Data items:
—————

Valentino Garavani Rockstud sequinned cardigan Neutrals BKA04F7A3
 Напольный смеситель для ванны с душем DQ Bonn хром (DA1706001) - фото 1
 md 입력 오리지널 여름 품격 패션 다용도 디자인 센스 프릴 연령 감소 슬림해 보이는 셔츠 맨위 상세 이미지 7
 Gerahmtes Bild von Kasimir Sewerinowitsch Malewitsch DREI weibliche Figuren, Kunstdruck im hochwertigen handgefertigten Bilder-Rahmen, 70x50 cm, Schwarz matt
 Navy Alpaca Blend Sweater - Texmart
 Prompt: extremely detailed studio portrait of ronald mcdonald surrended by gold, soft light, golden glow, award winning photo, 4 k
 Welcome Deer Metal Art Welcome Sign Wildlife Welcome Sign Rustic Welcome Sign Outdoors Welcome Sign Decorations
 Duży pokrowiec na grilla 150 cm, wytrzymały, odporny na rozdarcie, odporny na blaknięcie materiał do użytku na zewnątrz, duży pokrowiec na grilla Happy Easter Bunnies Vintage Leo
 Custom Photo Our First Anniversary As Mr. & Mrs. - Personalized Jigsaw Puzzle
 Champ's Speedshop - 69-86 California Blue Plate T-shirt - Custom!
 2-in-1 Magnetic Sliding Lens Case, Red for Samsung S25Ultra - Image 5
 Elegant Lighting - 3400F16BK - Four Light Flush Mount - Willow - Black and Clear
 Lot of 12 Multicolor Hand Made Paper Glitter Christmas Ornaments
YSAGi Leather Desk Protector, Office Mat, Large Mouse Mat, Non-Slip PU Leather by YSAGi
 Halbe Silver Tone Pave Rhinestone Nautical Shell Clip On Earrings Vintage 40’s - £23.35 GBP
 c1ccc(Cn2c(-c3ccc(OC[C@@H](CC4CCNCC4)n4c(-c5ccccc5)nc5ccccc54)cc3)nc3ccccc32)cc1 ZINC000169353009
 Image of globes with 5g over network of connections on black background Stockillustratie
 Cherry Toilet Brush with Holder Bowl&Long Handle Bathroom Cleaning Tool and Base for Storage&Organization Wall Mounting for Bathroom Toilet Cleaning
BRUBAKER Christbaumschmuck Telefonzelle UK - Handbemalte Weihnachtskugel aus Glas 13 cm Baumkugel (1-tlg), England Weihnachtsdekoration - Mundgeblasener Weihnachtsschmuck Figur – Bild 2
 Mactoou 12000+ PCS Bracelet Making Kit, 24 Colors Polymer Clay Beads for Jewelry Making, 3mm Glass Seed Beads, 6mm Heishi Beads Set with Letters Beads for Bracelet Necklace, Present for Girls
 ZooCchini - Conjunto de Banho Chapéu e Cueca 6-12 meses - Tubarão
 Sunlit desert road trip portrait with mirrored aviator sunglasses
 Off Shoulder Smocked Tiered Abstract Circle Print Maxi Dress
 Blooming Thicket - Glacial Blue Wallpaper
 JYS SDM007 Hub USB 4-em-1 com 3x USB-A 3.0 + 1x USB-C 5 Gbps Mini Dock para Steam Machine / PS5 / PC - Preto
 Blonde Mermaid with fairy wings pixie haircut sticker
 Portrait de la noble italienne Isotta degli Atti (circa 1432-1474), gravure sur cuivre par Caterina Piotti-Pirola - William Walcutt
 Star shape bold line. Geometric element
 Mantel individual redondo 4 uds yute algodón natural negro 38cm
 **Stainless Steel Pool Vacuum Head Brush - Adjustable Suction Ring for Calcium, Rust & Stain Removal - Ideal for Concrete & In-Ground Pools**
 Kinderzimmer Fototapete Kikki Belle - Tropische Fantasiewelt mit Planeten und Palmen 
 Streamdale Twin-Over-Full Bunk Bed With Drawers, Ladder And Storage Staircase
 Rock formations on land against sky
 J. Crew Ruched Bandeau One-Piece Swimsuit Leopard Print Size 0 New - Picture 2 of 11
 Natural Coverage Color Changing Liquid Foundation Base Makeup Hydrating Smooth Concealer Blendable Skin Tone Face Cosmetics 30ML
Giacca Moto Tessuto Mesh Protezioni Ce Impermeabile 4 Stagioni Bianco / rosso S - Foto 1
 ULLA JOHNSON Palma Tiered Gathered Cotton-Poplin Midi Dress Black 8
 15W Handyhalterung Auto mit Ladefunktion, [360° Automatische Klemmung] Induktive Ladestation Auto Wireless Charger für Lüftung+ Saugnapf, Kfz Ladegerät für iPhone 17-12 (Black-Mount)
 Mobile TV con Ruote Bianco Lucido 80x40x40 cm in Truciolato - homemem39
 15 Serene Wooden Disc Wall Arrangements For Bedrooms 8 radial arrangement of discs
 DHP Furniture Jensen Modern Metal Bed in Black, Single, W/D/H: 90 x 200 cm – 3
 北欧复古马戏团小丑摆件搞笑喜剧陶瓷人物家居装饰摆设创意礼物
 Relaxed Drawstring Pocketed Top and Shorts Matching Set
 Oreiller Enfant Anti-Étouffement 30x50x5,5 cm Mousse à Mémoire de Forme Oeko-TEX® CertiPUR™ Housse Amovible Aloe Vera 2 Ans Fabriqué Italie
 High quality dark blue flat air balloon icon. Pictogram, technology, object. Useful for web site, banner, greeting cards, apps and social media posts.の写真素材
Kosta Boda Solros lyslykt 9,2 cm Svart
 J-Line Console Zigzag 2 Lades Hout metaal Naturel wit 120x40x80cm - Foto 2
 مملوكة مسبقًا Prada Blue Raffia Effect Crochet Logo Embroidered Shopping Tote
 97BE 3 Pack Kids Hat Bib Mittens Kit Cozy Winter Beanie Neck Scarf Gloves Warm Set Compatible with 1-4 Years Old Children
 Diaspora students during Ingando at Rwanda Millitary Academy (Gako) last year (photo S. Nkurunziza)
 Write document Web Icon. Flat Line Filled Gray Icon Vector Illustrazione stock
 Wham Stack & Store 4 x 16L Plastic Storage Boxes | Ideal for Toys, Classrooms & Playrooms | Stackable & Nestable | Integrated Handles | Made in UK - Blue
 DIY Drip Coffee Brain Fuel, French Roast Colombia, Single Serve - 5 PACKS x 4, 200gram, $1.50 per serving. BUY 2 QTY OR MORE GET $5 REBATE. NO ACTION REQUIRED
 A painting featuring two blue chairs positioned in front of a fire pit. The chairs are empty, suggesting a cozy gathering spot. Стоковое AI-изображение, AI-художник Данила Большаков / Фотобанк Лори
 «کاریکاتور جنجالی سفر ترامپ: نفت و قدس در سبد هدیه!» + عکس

—————

- **Exercise description**: Write out exactly the lines that fall from the line with "J. Crew Ruched" to the line with "ULLA JOHNSON Palma" in the records above, keeping both ends.

- **Solution to the problem**:
 J. Crew Ruched Bandeau One-Piece Swimsuit Leopard Print Size 0 New - Picture 2 of 11
 Natural Coverage Color Changing Liquid Foundation Base Makeup Hydrating Smooth Concealer Blendable Skin Tone Face Cosmetics 30ML
Giacca Moto Tessuto Mesh Protezioni Ce Impermeabile 4 Stagioni Bianco / rosso S - Foto 1
 ULLA JOHNSON Palma Tiered Gathered Cotton-Poplin Midi Dress Black 8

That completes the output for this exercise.